13. It would mean recognizing that Italy and Spain have problems all their own that will not be solved by dealing with Greece. Pressure on those governments could involve an agreement by G-20 countries to resist supporting them with bond purchases, for example, if they did not take their problems more seriously. Italy is far more precarious than many people realize, and were it to tumble, this Greece dust-up will look like a happy memory.
14. It would mean recognizing that the deepest problem lies in the area of banking contagion and that national plans for addressing a daisy chain of failures need to be in place now.
15. It would mean recognizing that the IMF needs more money and beginning a campaign to send a clear message to key national governments -- beginning with the one here in Washington -- that this is essential if stability and/or recovery are goals they share.

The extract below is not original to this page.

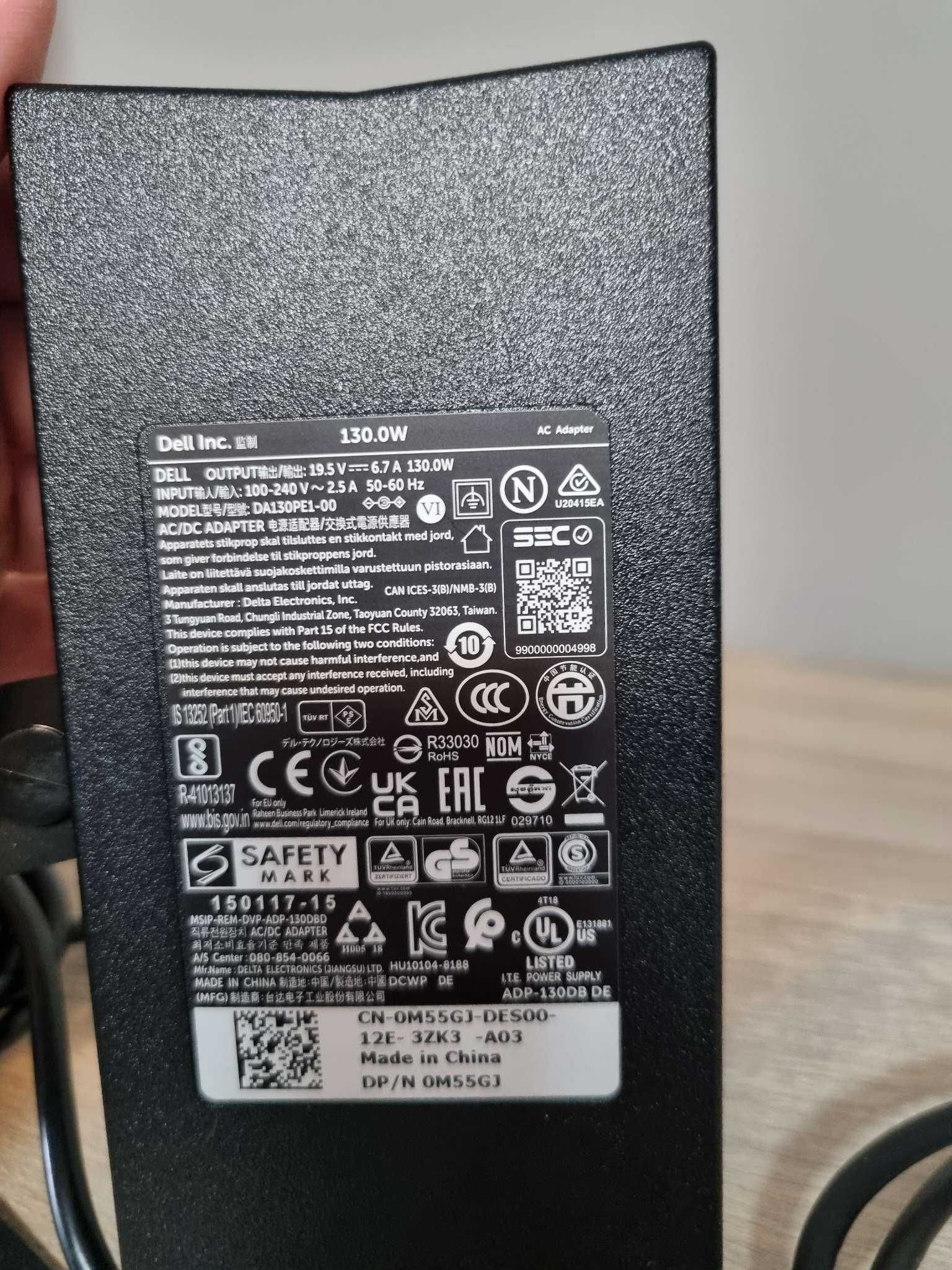 Докинг станции DELL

16. The G-20 would also listen carefully to initial murmurs of discomfort from borrowers in the emerging world that they are at least starting to worry that credit will tighten more -- perhaps significantly. There is only one train in the station right now that people are counting on to help pull the world out of recession -- and that is emerging world (and particularly Chinese and Asian) growth. In an interconnected world, we need to see that as an essential part of the solution to Europe's problems. Imagine where Europe's engine, Germany, would be if Chinese growth were to slow appreciably.
17. In the same vein, the G-20 needs to continue with some of the long-term reforms it has discussed but paid only lip service to. These include -- in addition to those mentioned earlier -- reform of the international monetary system, seeking to reduce commodity market volatility.
18. They ought to have a serious debate about big ideas. We need the equivalent of a global central bank (or better functioning, more tightly coordinated system of central banks) and global market regulatory mechanisms. We may resist them, but that is the clear implication of this crisis. How do we get there from here?
19. Part of that debate ought to include the discussion of Tobin taxes and other revenue-generating mechanisms that might also have a salutary effect on certain market activities.
20. G-20 members need to acknowledge that with the United States facing an election, China facing a leadership change, and France, Germany, Italy, and other European countries facing political challenges, that the group has to be an antidote to the weakening of resolve and timidity such circumstances bring. It would be helped if some of the problem children, like Mr. Berlusconi, were sent a clear message that it was time to go. Overreaching? In an interconnected world, summits like this one are not just politically significant for U.S. presidents.